I wanted to build upon some of the ideas I first shared in an earlier post, Programming with ChatGPT. The more time I spend working with ChatGPT each day, the more it reminds me of those scenes from the first Iron Man movie—Tony Stark in his high-tech garage, working alongside his virtual assistant, J.A.R.V.I.S. (Just A Rather Very Intelligent System).
In my case, I’m a semi-retired professional mechanical engineer with a deep interest in real-world systems and high-speed streaming data. For over 30 years, I’ve had a vision of creating something I call EnergyLab—a platform to observe, analyze, and share energy system behavior in real time. That idea has now taken shape as EnergyLab-TimeSeries.com, a WordPress-based site where I’m documenting this journey and building public-facing tools.
To bring that vision to life, I’ve found myself working across a range of technologies: Arduino Nano 33 IoT boards, Google Sheets, WordPress, MQTT brokers, InfluxDB, Node-RED, and more. There’s a lot to juggle—and that’s where ChatGPT, who I’ve come to call (and think of as) Jarvis, has become an integral member of Team EnergyLab.
At this point, I still communicate with Jarvis through a keyboard. But I can easily imagine a near future where voice commands accelerate the development process—where I can talk to Jarvis, get real-time code help, adjust my dashboard layouts, or launch a new sensor stream with just a sentence.
Where Things Stand Today
I’ve got dozens of sensors and devices on the EnergyLab LAN feeding data into MQTT brokers and InfluxDB. I use my growing fleet of Arduino NANOs—26 and counting—to read, create and publish MQTT data, perform energy and time-based calculations, generate new inference streams, and send structured results to Google Sheets. Those Google Sheets are then embedded live in WordPress pages using sandbox modules.
What started as a concept and a couple of NANOs has grown into a full ecosystem—with dashboards, OLED displays, custom plugins, and real-time insights. And every step of the way, I’ve been building it side by side with Jarvis.

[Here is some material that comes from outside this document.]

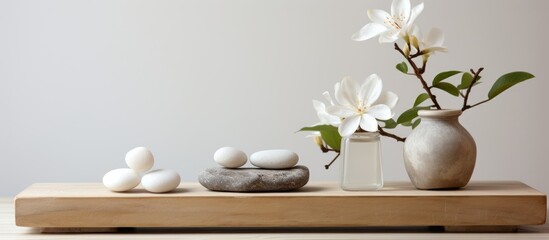 Obraz na płótnie Canvas A vintage wooden table shelf holds a white vase filled with delicate white flowers, surrounded by smooth rocks. The arrangement adds a touch of nature to the classic bathroom,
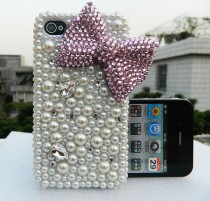 wedding photo - Handmade Bling Rhinestone Crystal Iphone4 4s 5 5s 5c Case Cover WHITE PEARL PINK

🔧 Highlight: Key CALCULATION Engines
NANO-009: CALCULATION Engine 1
Publishes mqtt.date
and mqtt.time
to the MQTT broker. Built by Jarvis, this Nano uses NTP to maintain accurate time, synchronizes every hour, adjusts for daylight saving time (DST), and avoids relying on the Nano 33 IoT’s unreliable built-in RTC. These values are now essential for time-aware local displays and energy usage calculations.
NANO-021: CALCULATION Engine 5
Reads MQTT broker data, performs calculations and analysis and sends it to a Google Sheet embedded in a WordPress page (Sandbox 1). Jarvis built both the Nano program and the Google Apps Script backend that posts the data to the sheet.

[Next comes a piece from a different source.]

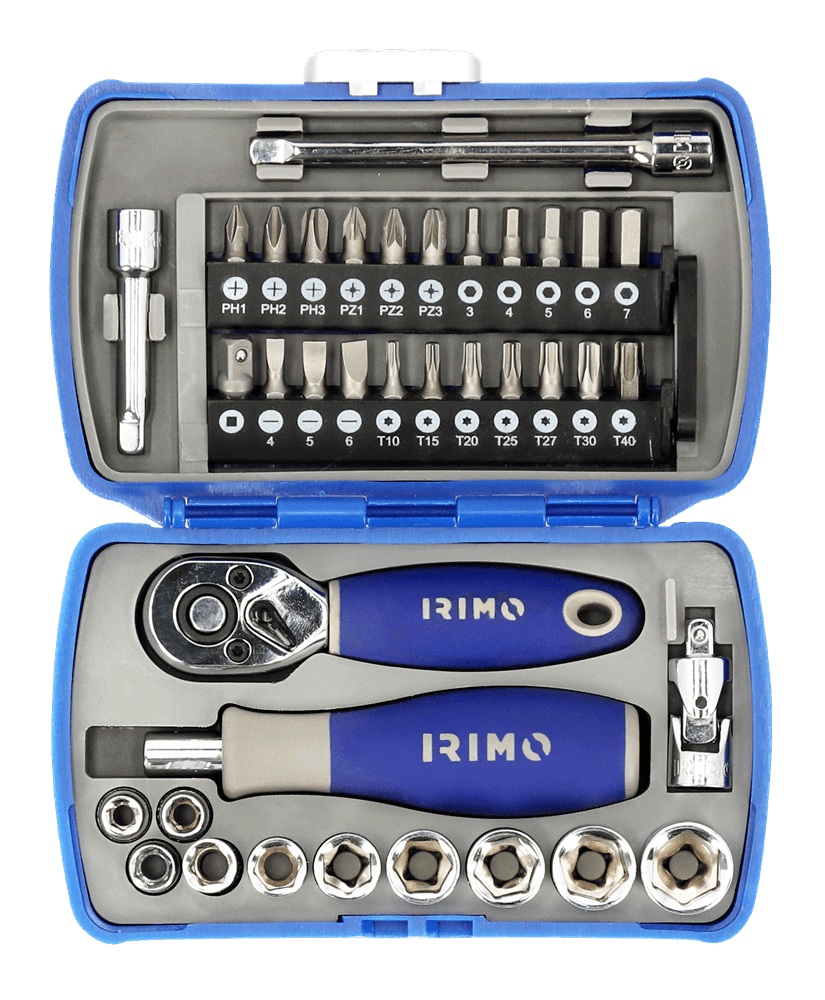 Mini set 37 piese tubulare si biti 1/4", Irimo 109-37-4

NANO-022: CALCULATION Engine 6
Similar to NANO-021 but with persistent, minute-by-minute updates spanning two days. Jarvis also helped format and script the Google Sheets with auto-updating sparklines for real-time data visualization (displayed in Sandbox 2).
With more sensors, smarter logic, and tighter integrations ahead, the collaboration between Jarvis and me is just getting started. In future articles I’ll dig deeper into these NANOs and share the heavily documented programs and scripts that Jarvis has completely written for each application.